See Also: Regex Members
The System.Text.RegularExpressions.Regex class represents the .NET Framework's regular expression engine. It can be used to quickly parse large amounts of text to find specific character patterns; to extract, edit, replace, or delete text substrings; and to add the extracted strings to a collection to generate a report.
If your primary interest is to validate a string by determining whether it conforms to a particular pattern, you can use the System.Configuration.RegexStringValidator class.
To use regular expressions, you define the pattern that you want to identify in a text stream by using the syntax documented in Regular Expression Language Elements. Next, you can optionally instantiate a System.Text.RegularExpressions.Regex object. Finally, you call a method that performs some operation, such as replacing text that matches the regular expression pattern, or identifying a pattern match.
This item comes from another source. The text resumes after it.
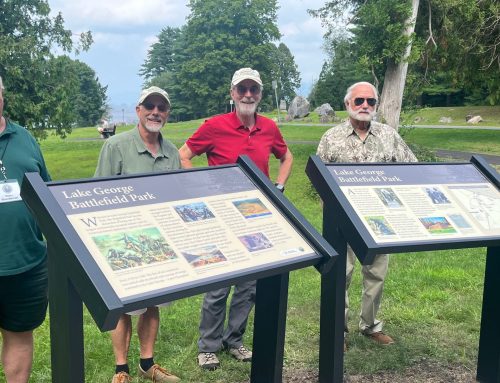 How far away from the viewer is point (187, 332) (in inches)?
190

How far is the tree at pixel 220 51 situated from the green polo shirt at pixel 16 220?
57837 mm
For more information about using the System.Text.RegularExpressions.Regex class, see the following sections:
The string class includes several search and comparison methods that you can use to perform pattern matching with text. For example, the string.Contains(string), string.EndsWith(string), and string.StartsWith(string) methods determine whether a string instance contains a specified substring; and the string.IndexOf(string), string.IndexOfAny(Char[]), string.LastIndexOf(string), and string.LastIndexOfAny(Char[], int, int) methods return the starting position of a specified substring in a string. Use the methods of the string class when you are searching for a specific string. Use the System.Text.RegularExpressions.Regex class when you are searching for a specific pattern in a string. For more information and examples, see .NET Framework Regular Expressions.
After you define a regular expression pattern, you can provide it to the regular expression engine in either of two ways:
By instantiating a System.Text.RegularExpressions.Regex object that represents the regular expression. To do this, you pass the regular expression pattern to a Regex.#ctor(string) constructor. A System.Text.RegularExpressions.Regex object is immutable; when you instantiate a System.Text.RegularExpressions.Regex object with a regular expression, that object's regular expression cannot be changed.
By supplying both the regular expression and the text to search to a static (Shared in Visual Basic) System.Text.RegularExpressions.Regex method. This enables you to use a regular expression without explicitly creating a System.Text.RegularExpressions.Regex object.
All System.Text.RegularExpressions.Regex pattern identification methods include both static and instance overloads.
The regular expression engine must compile a particular pattern before the pattern can be used. Because System.Text.RegularExpressions.Regex objects are immutable, this is a one-time procedure that occurs when a System.Text.RegularExpressions.Regex class constructor or a static method is called. To eliminate the need to repeatedly compile a single regular expression, the regular expression engine caches the compiled regular expressions used in static method calls. As a result, regular expression pattern-matching methods offer comparable performance for static and instance methods.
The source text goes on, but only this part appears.